2. A shower head according to claim 1 wherein the supplies of hot water and cold water are through conduits connected to a manifold which has passages therein to convey the hot and cold water separately to the valve block.
3. A shower head according to claim 1 wherein the said other end of the temperature responsive device is urged resiliently into engagement with a rotatable cam which is connected to the control member.
4. A shower head according to claim 1 wherein the valve means is also operative to provide for complete shut-off of water flowing into the mixture chamber.
1. Field of the Invention
This invention is concerned with a shower fitting of the type which is adapted to be connected to supplies of hot and cold water and which is adapted to provide a supply of water, the temperature of which may be varied by varying the proportions in which the hot and cold water are mixed together, such fittings comprising a shower head comprising an inlet connection for the inlet of water and a spray outlet from which water flows in the form of a spray, and particularly of the kind in which the shower head is capable of being held in the hand by the user and moved freely about as is desired.
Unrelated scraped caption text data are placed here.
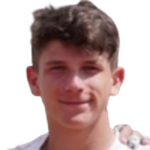 Rafael Giotis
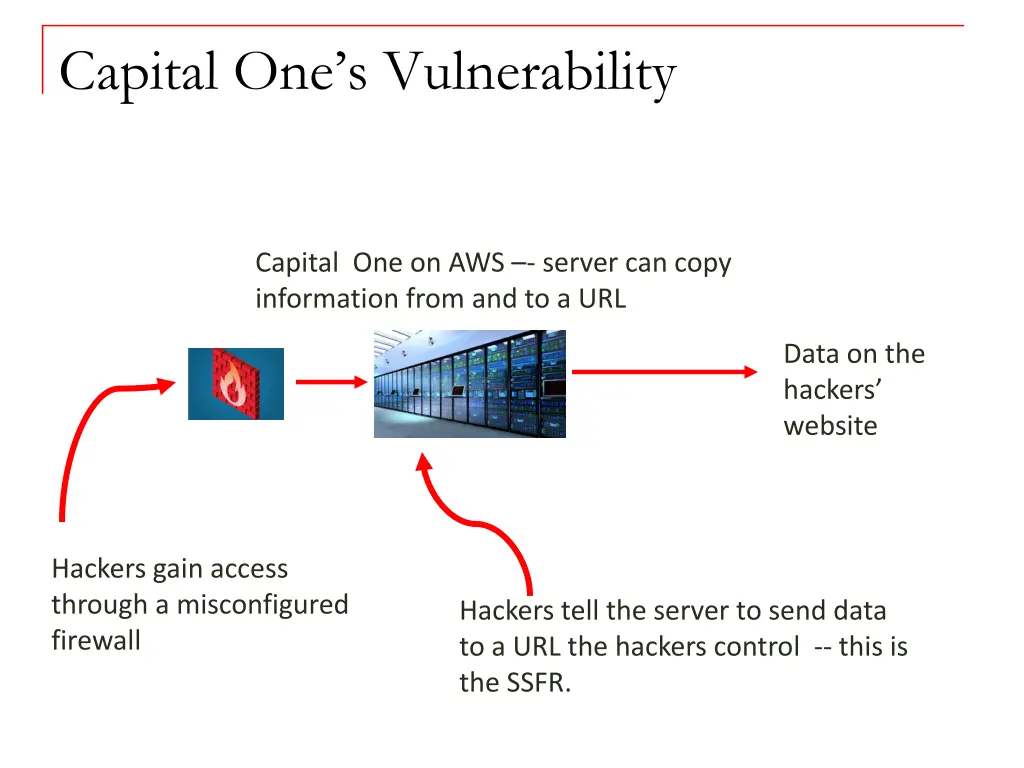 capital one s vulnerability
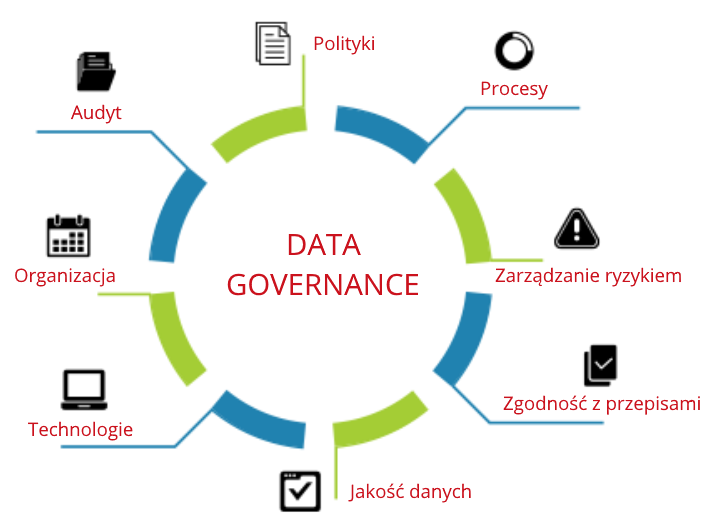 Usługi architektury korporacyjnej i Data Governance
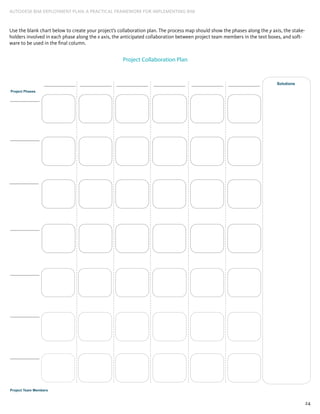 24
AUTODESK BIM DEPLOYMENT PLAN: A Practical Framework for Implementing BIM
Use the blank chart below to create your project’s collaboration plan. The process map should show the phases along the y axis, the stake-
holders involved in each phase along the x axis, the anticipated collaboration between project team members in the text boxes, and soft-
ware to be used in the final column.
 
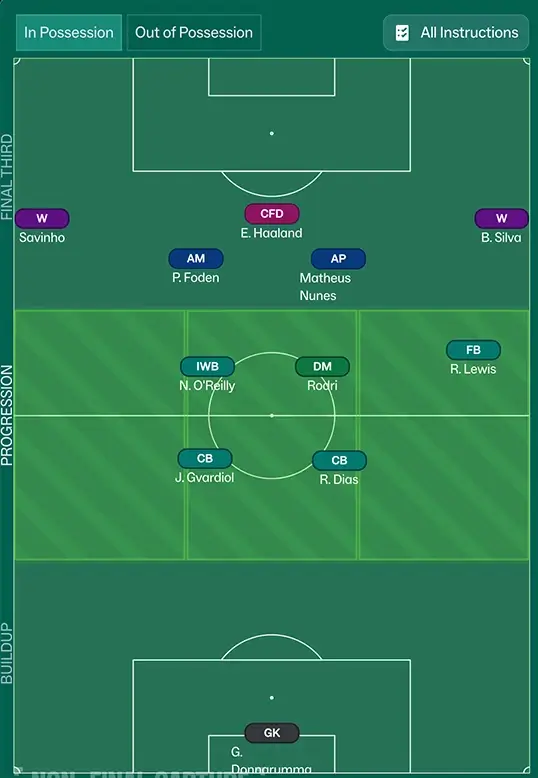 Beginners Guide to FM26 Tactics Creation: In- & Out Of Possession Tactics, New Player Roles & Visualizer 20 Football Manager 26 tactics creation in transition visualiser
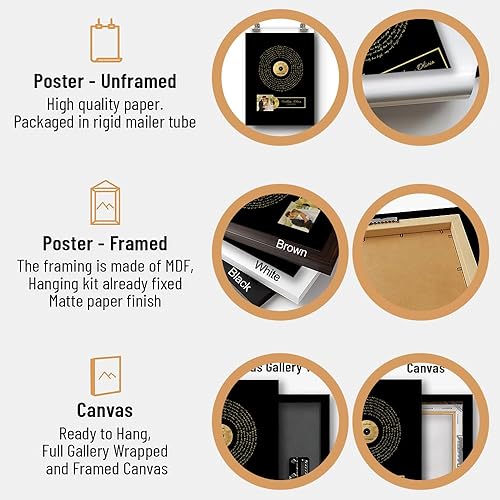 Vista 21 de Cartel de letras de canción de regalo personalizado para esposo, letras personalizadas y foto de pareja Wallart Letras de canciones de Wallart, arte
Such a shower fitting is hereinafter referred to as being of the kind specified.
2. Description of the Prior Art
A shower fitting of the kind specified may comprise a generally Y-shaped conduit, two branches of which comprise end portions which are adapted to be secured to hot and cold water taps, and the third branch comprising an end portion which is secured to the shower head, which may be used remote from the taps, the hot and cold water mixing together in the third branch of the conduit as it flows towards and into the shower head.
One of the difficulties encountered in shower fittings of this kind is that there is often difficulty in exercising control over the temperature of the water flowing through the outlet by virtue of the distance which there may be between the taps and the user, and by virtue of the time delay in response to such exercise of control by the quantity of water in the conduit.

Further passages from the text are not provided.